Женщины для вдохновенья (Арсеньева) - страница 159

И вот в феврале 1814 года Василий Андреевич уже писал приятелю: «Приезжай, приезжай! Наши дела идут сильно к развязке, ничего не испорчено, хотя и могло бы испортиться, струны только более натянуты; или они лопнут, или будет совершенная гармония. При всей трусости верю более последнему… Твои дела идут хорошо: говорят о тебе, как о своем, списывают твои стихи в несколько рук».

Короче, Жуковский хлопотал за Воейкова как мог. И убедил-таки Катерину Афанасьевну согласиться на этот брак. Примерно в то же время Воейков, который страстно мечтал получить профессорскую кафедру в Дерптском университете, добился желаемого. То есть судьба благоволила ему, и Василий Андреевич вполне мог ожидать ответной помощи от более удачливого приятеля.

Не тут-то было! Воейков сделался горячим пособником Катерины Афанасьевны Протасовой, стал на ее сторону, принялся отговаривать Машу от брака с Жуковским, да и к самому поэту начал относиться с надменностью, как к низшему существу. Он понимающе кивал, когда Катерина Афанасьевна бросала «в сторону» намеки на происхождение Жуковского (а ведь тот никогда и ни от кого этого не скрывал, хотя и не афишировал, разумеется), он поддерживал возмущение будущей тещи тем, что патриарх Филарет принял сторону Жуковского в споре о родстве, он всячески укреплял нетерпимость Протасовой, и результатом его стараний стал новый отказ Жуковскому.

«Я посматривал исподлобья, — с горечью напишет Василий Андреевич после своего очередного неудачного сватовства, — не найду ли где в углу христианской любви, внушающей сожаление пощады, кротости. Нет! Одно холодное жестокосердие в монашеской рясе и с кровавою надписью на лбу: должность (выправленное весьма искусно из слова суеверие) сидело против меня и страшно сверкало на меня глазами».

Увы, Жуковский был еще слишком легковерен и наивен, он не усмотрел еще, откуда Катерина Афанасьевна получает теперь поддержку. Он еще не видел коварства Воейкова.

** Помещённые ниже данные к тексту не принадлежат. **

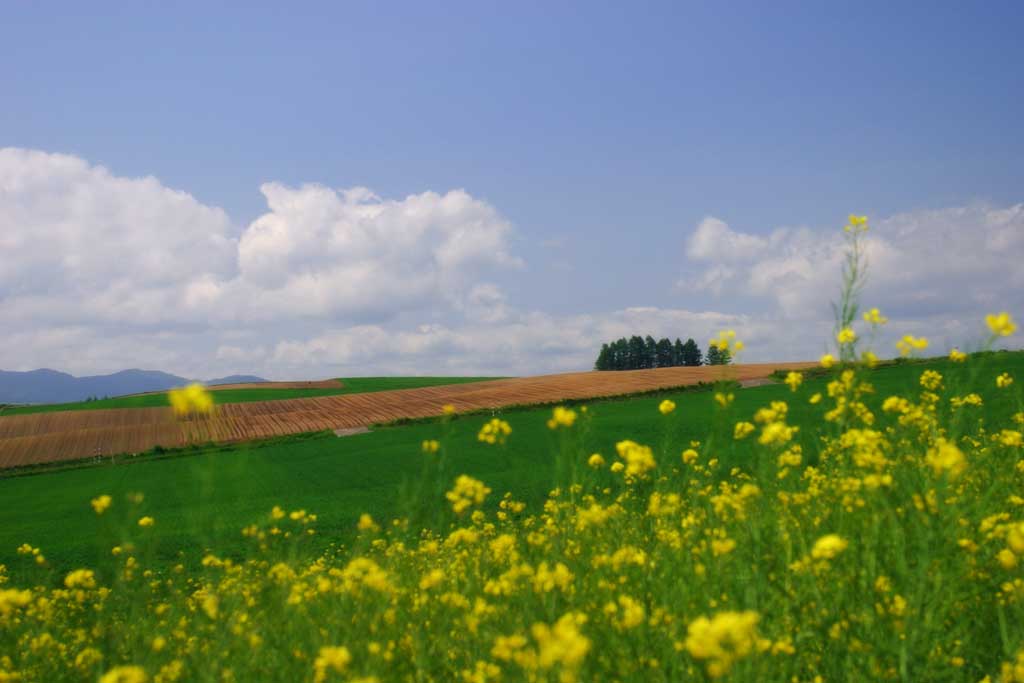 Foto, materiell, befreit, Landschaft, Bild, hat Foto auf Lager,Sommer in einem Vergewaltigungsbltenfeld, Blte, Wolke, blauer Himmel, Feld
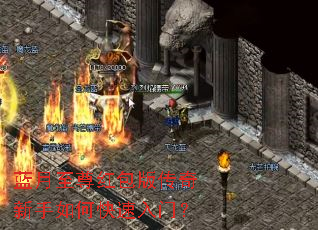 �����������洫��������ο������ţ�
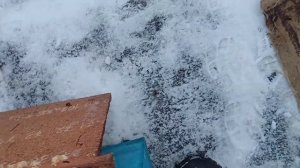 Гибель семьи пчёл. Разборка пчелиной семьи зимой. Причины гибели пчёл зимой и выводы.  Часть 1.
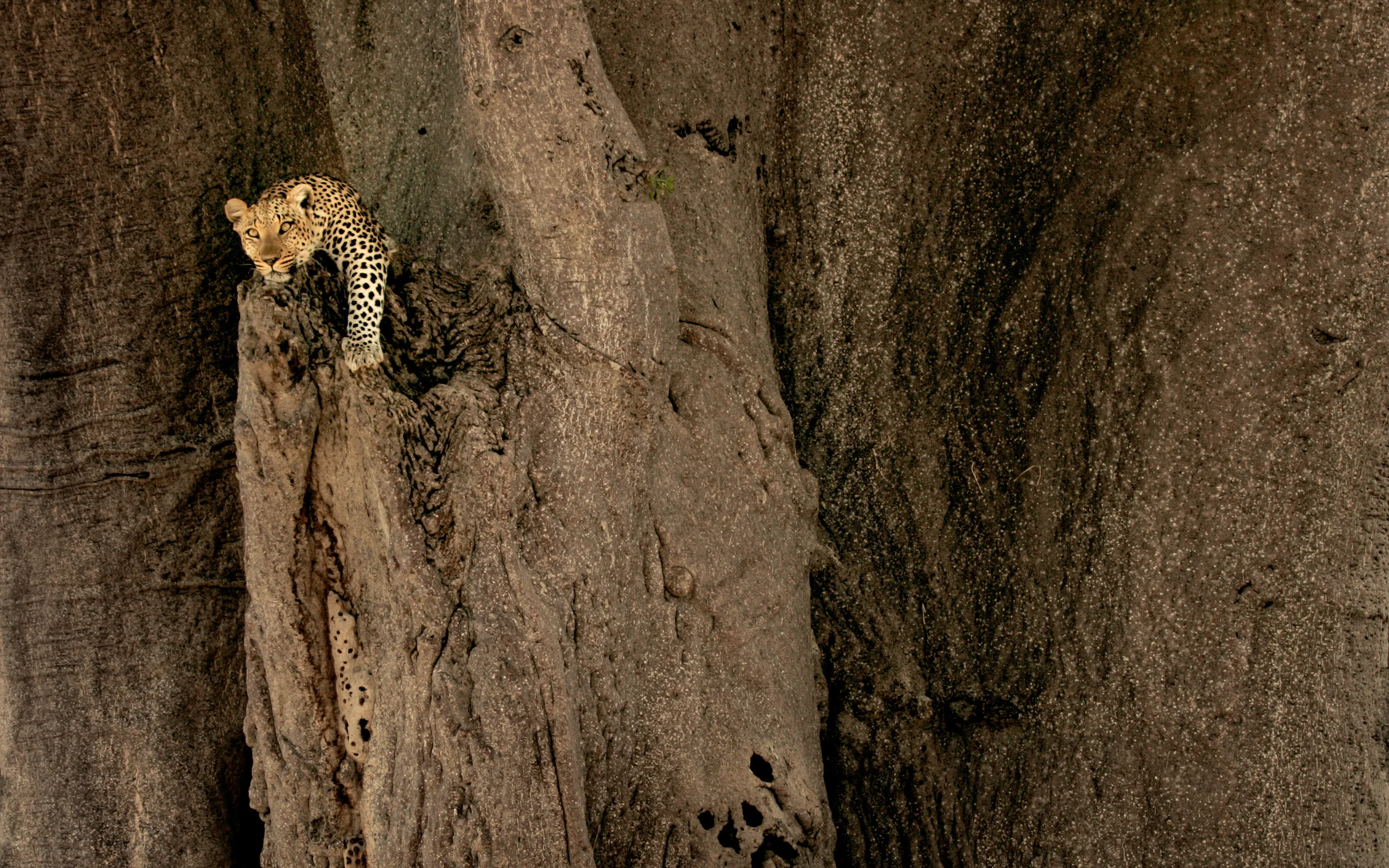 NatGeo09.jpg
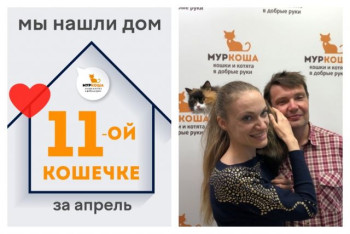 У кошечки Карамелатты появилась заботливая семья!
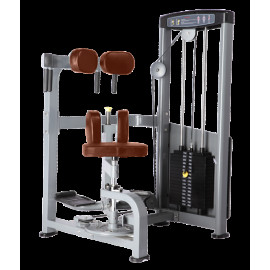 Торс-машина Bronze Gym D-011 C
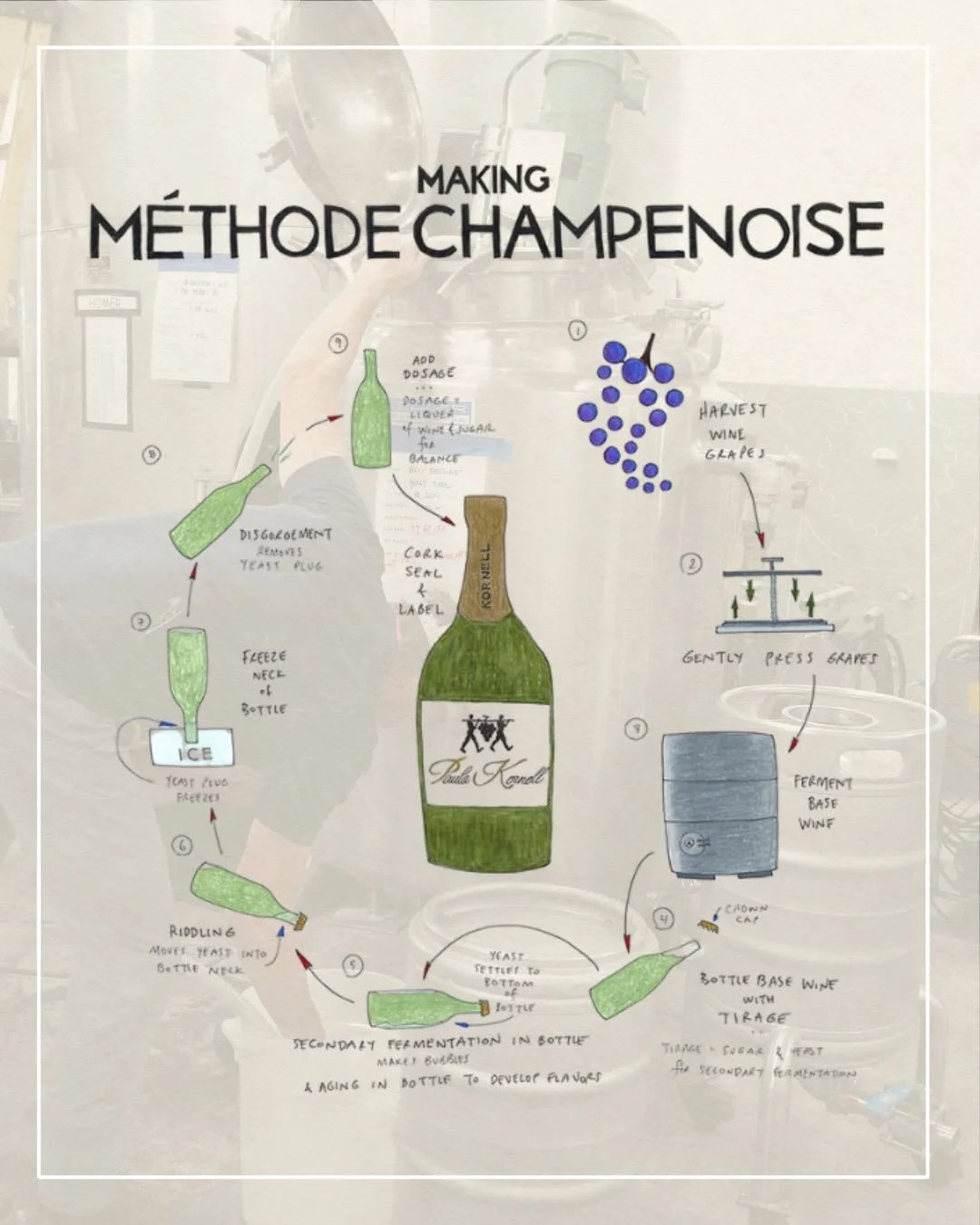 So, what happens after sparkling wine goes into the bottle? 🤔🍾

For traditional-method sparkling wine, the bottle is where the magic begins. 🪄🍇

During tirage, the base wine is bottled with a small addition of yeast and sugar, setting a second fe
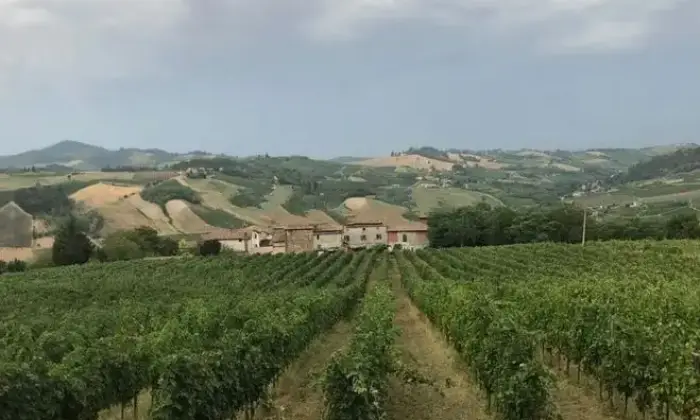 Rexer-Mornico-Losana-Vendesi-Propriet-Rustica-a-Mornico-Losana-Altro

Катерина Афанасьевна доверяла Воейкову полностью и потребовала, чтобы Жуковский не показывался в их доме до возвращения жениха Саши, который находился сейчас в Дерпте. Новое крушение надежд отразилось на творчестве поэта самым губительным образом. В письмах к друзьям он с искренним недоумением восклицает: «Как же велеть душе летать, когда она вязнет в тине? Как иметь стихотворные мысли, когда все погибло?»

Для человека творческого любовь и вдохновение неотделимы, и невозможность писать была такой же трагедией, как и очередной отказ Протасовой. Василий Андреевич разуверился в будущем счастье, разуверился в своем таланте до такой степени, что не скрывал: «Самое живое и приятное желание и надежда мои были в то время на смерть».